Aurenir Luz, coordenadora da Escola Popular Cooperativa (EPC) do município de Paramoti, é exemplo de que a metodologia funciona. Participante do Prece na comunidade de Cipó, município de Pentecoste, ela, logo depois que entrou na faculdade, levou a experiência da Aprendizagem Cooperativa para o município de Paramoti. Hoje, graduada em Marketing, Aurenir é coordenadora da EPC de sua cidade natal.
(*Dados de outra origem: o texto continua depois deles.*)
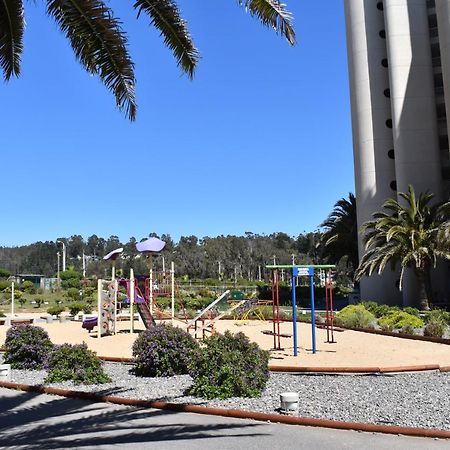 Apartmán San Alfonso Del Mar Goleta Algarrobo Exteriér fotografie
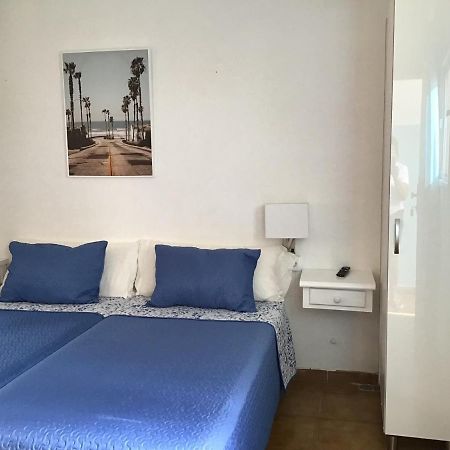 Apartamentos Playamar II 바예그란레이 외부 사진
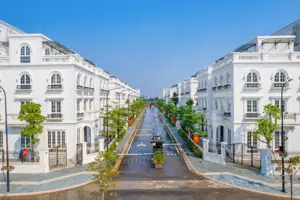 Bất động sản thủ đô: Khan hiếm nguồn cung nhà ở thấp tầng trong khi nhu cầu tích sản vẫn cao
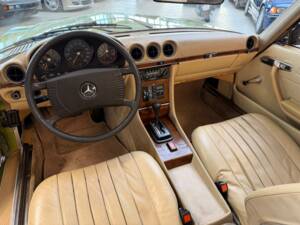 Image 18/48 of Mercedes-Benz 350 SL (1979)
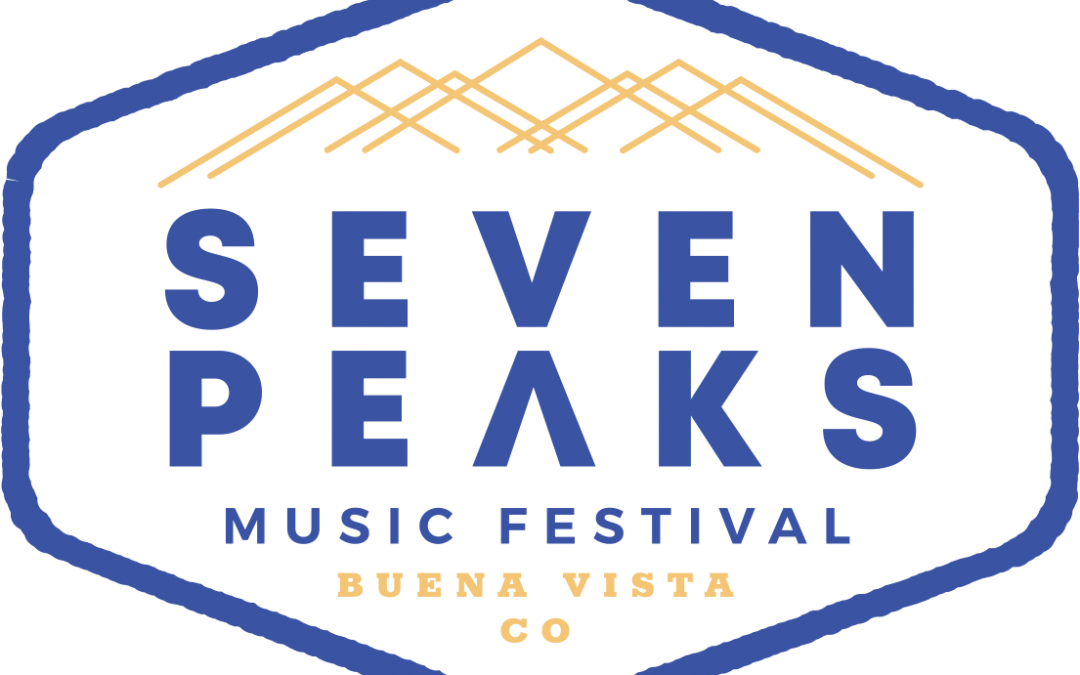 Livenation Presents Seven Peaks Annual Music Festival (1080x675), Png Download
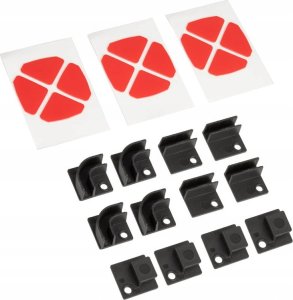 Kolink Kolink Umbra Radiant ARGB LED Strip - 1m 3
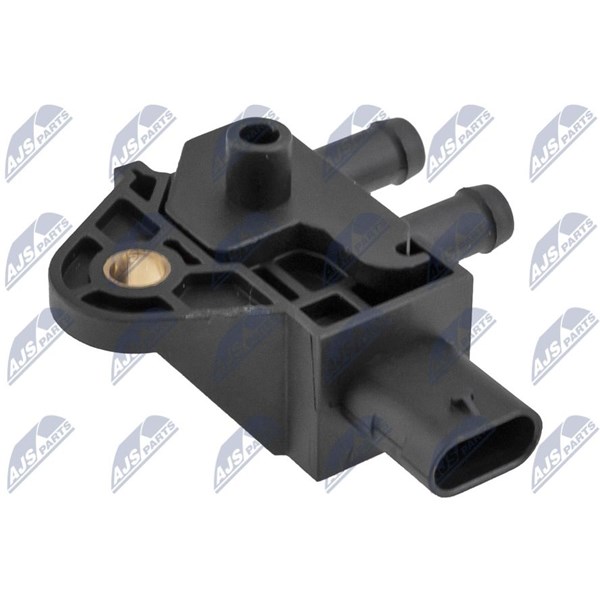 Sensor, avgastryck Nty ECS-CT-003 NTY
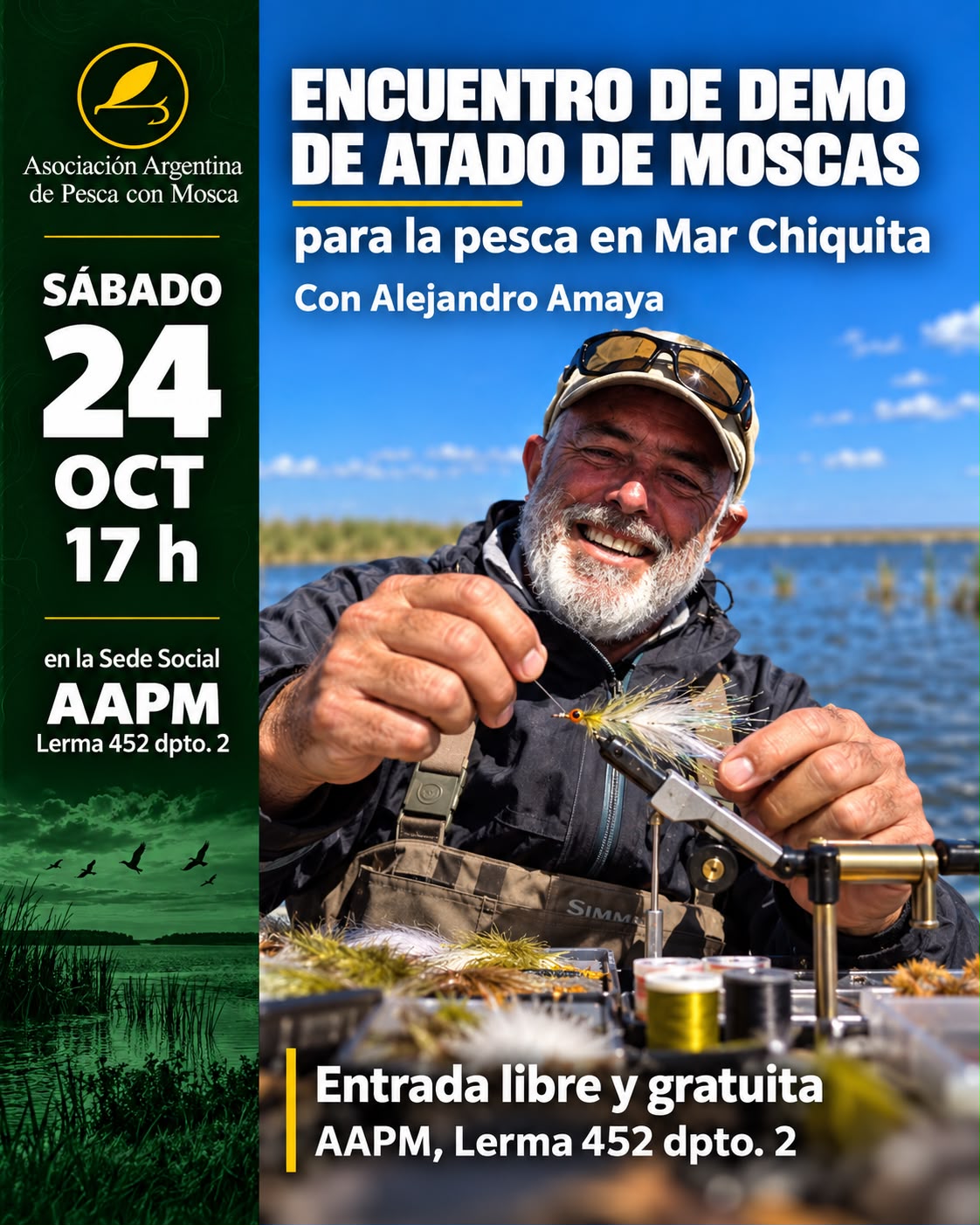 Evento/novedad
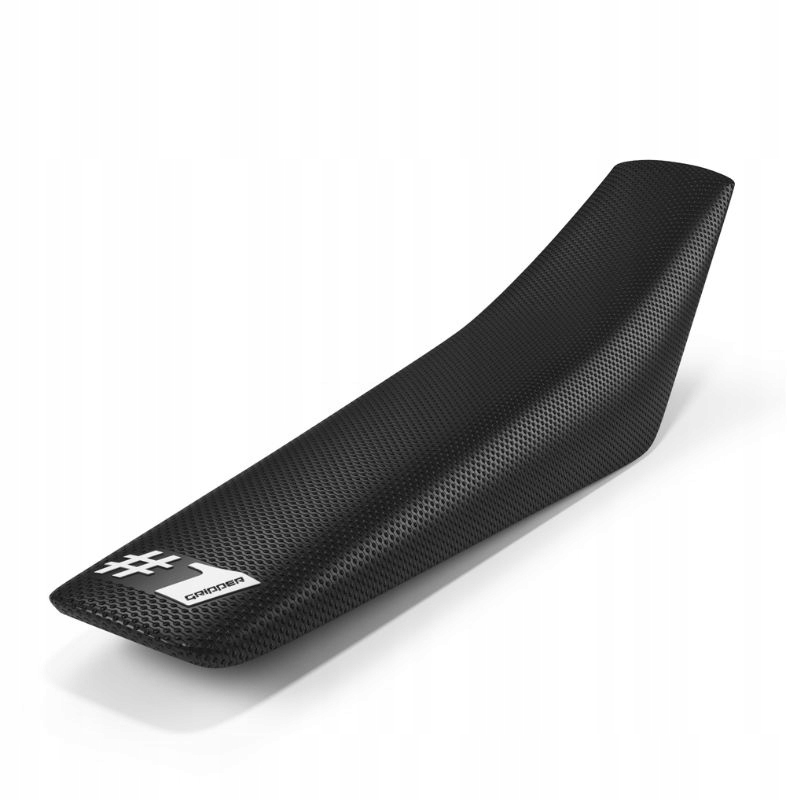 Cross Enduro Darčekový Poťah Na Sedadlo, Čierny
"O Prece ajuda a estimular [o estudante para] o estudo, a aprender a estudar em grupo e não depender somente do professor. Os participantes constroem uma autonomia intelectual”, comenta, lembrando que os estudantes que conseguem ingressar na Universidade servem de exemplo e de valorização para o grupo. "[A Aprendizagem Cooperativa] se importa com o fortalecimento do jovem como protagonista da sociedade”, acrescenta.
Assim como Aurenir, diversos jovens retornam à comunidade para atuar como facilitadores do processo de aprendizagem. De acordo com ela, a experiência do Prece surgiu em 1994 na comunidade de Cipó, onde estudantes se reuniram para estudar em "uma velha casa de fazer farinha”. A persistência resultou em aprovação. "Dois anos depois, o primeiro passou para a UFC”, relata.
A ideia é que os estudantes que ingressam no ensino superior retornem à comunidade para auxiliar os outros. Atualmente, o Prece possui 19 Escolas Populares de Cooperação, presentes em cinco municípios cearenses, e conta com mais de 2 mil participantes em todos os projetos coordenados por estudantes.
A iniciativa deu tão certo que passou a ser aplicada na UFC. De acordo com Caroline Avendaño, da assessoria de comunicação da Coordenadoria de Protagonismo Estudantil da Secretaria da Educação do Estado (Seduc), a experiência de Aprendizagem Cooperativa do Prece passou a ser utilizada em 2008 na UFC através do Programa de Aprendizagem Cooperativa.
Se a ideia do Prece é o estudo em grupo para ajudar os jovens a ingressar no ensino superior; na UFC, a intenção é estimular os estudantes a permanecer na Universidade. "A ideia é fortalecer o laço de amizade, é estimular o grupo a não deixar o curso”, comenta.
Neste ano, o Programa concedeu bolsas para 250 estudantes dos mais diversos cursos da UFC para montar um grupo na Universidade utilizando a Aprendizagem Cooperativa. Nos grupos, os participantes trocam conhecimentos e experiências, servindo de ajuda mútua para superar as dificuldades de permanência na instituição.
Atualmente, um projeto de parceria entre Seduc, UFC e Prece também leva a experiência da metodologia para escolas públicas do Estado com o objetivo de valorizar a Aprendizagem Cooperativa e ajudar os estudantes a ingressarem na Universidade.